To explain a bit more: every PI that I know – and many postdocs and grad students – has generated more data than they have been able to publish. This means that decisions are being made about which projects to write up and which ones not to. As a grad student and postdoc, when deciding which things to write up first, I generally focused on the studies that I thought were the most interesting. I certainly thought it was important to have publications in top journals (and by “top” I mean journals such as Ecology, AmNat, and Evolution), and so whether a manuscript had a shot at one of those journals did influence my thinking on where to place it on my priority list. At the same time, if I manuscript didn’t have a shot at a top journal, I still hoped to get it published at some point (possibly by collecting additional data, or by aiming for a lower impact journal). I just didn’t prioritize it as highly.

Now, as a faculty member, my lab generates even more data, and I have even more responsibilities (especially teaching and service). How do I prioritize manuscripts now? At this point, it is based on who is the lead author. If it is a grad student or a postdoc, that manuscript moves to the top of the priority list. (This recent post by BabyAttachMode suggests not all PIs prioritize this way.) Within that group of high priority manuscripts, it’s more or less first come, first served. In the past year or so, working on those manuscripts has basically taken up all of the time I have available for working on manuscripts. The unintended side effect of this is that manuscripts that do not include students or postdocs as coauthors are currently languishing near the bottom of my manuscript to do list, and it makes me wonder if/when I will get back to them. In this case, results are going unpublished due to lack of time. I really wish this wasn’t the case, but I’m not sure of what to do about it.
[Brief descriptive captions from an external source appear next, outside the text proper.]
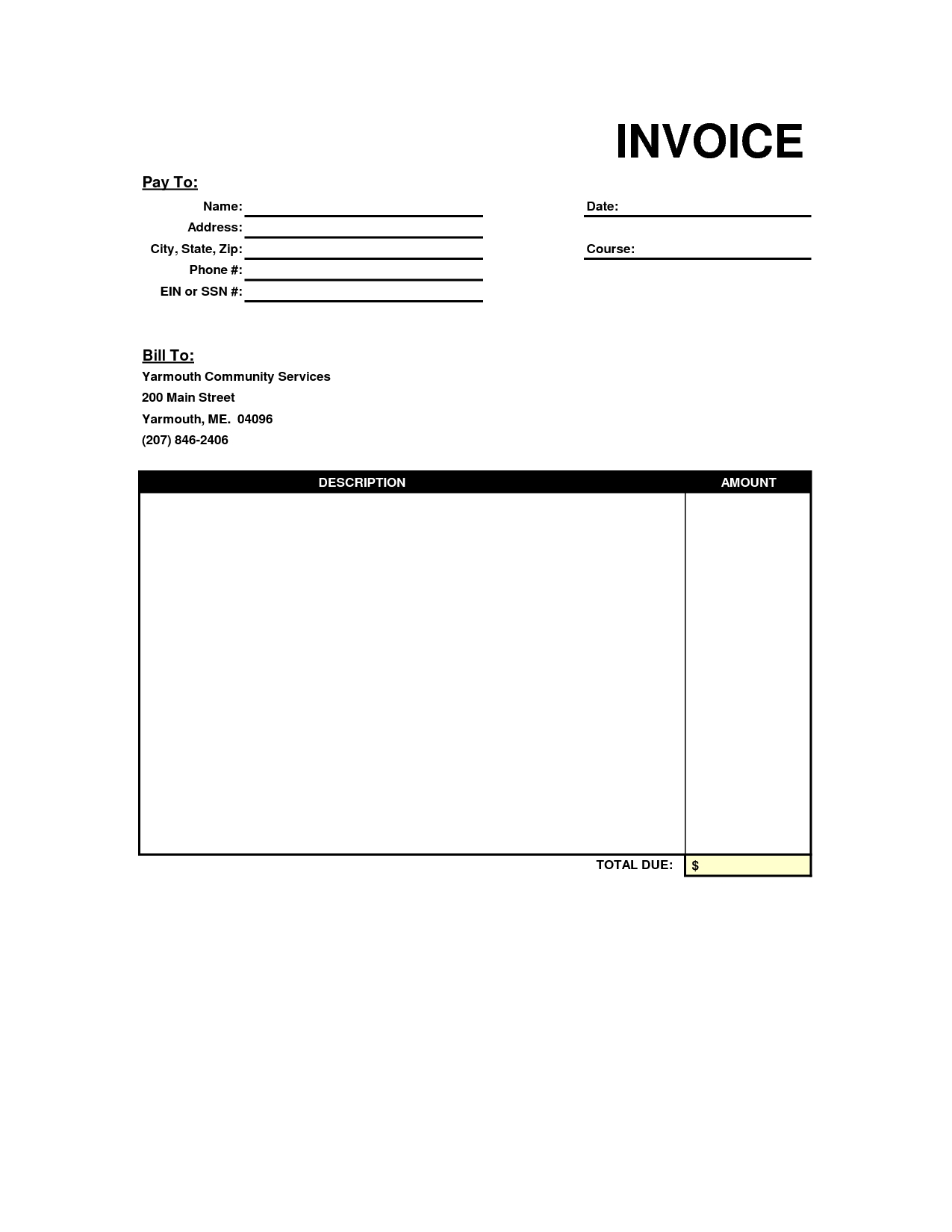 Blank Invoices To Print * Invoice Template Ideas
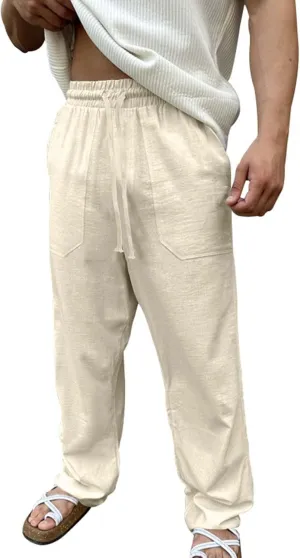 Men's Linen Pants Casual Lightweight Elastic Waist Summer Beach Vacation Pants Drawstring Waist Trousers Plain Slacks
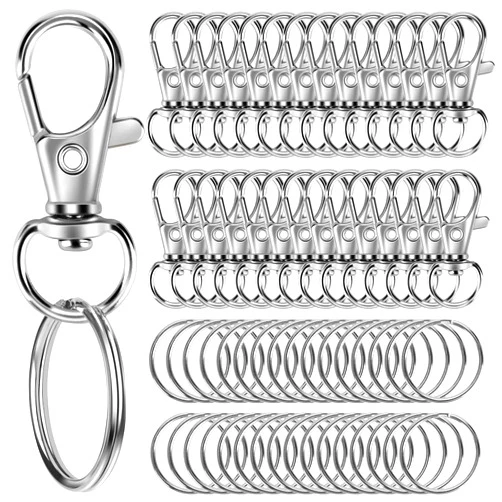 Sucrown 60PCS Keychain Making Kit, Including 30PCS Keychain Clips Hooks and 30PCS Key Chain Rings, Keychain Accessories, Lobster Claw Clasps with Keychain Rings for Crafts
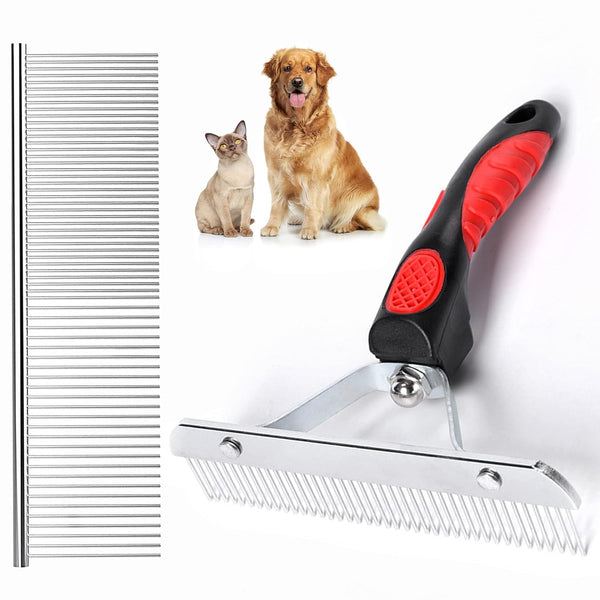 Undercoat Brush Grooming Rake for Dogs, Stainless Steel Tooth Comb, Deshedding Tool Set for Long-Haired Cats, 2 Piece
This means that some of the data we’ve collected – some of the things we now know based on work done in my lab – are not available generally, which is wasteful. Is this inevitable? Does it mean that everyone who currently has a file drawer of data (or, more likely, folders on their computer containing unpublished data) should take some sort of hiatus from doing science until they’ve cleared the backlog? I don’t think that’s likely to happen, but I don’t know what the right answer is.

So, readers, my questions for you: How do you decide which manuscripts to work on first? Has that changed over time? How much data do you have sitting around waiting to be published? Do you think that amount is likely to decrease at any point? How big a problem do you think the file drawer effect is?

Related posts:
How do you decide authorship order? (by Jeremy)
How to decide where to submit your paper? (also by Jeremy)

43 thoughts on “Prioritizing manuscripts, and having data go unpublished for lack of time

  1. That is so true – as a PhD and post-doc it was important to publish everything I did (or at least try to) – now as an extremely busy PI unless I feel very strongly about some data I tend to leave it up to the Post-doc, PhD or MSc student to make the running. Even so, some of the stuf that I really want to publish can languish for years before I get round to it and unfortunately some of it is very unlikely to see the light of day.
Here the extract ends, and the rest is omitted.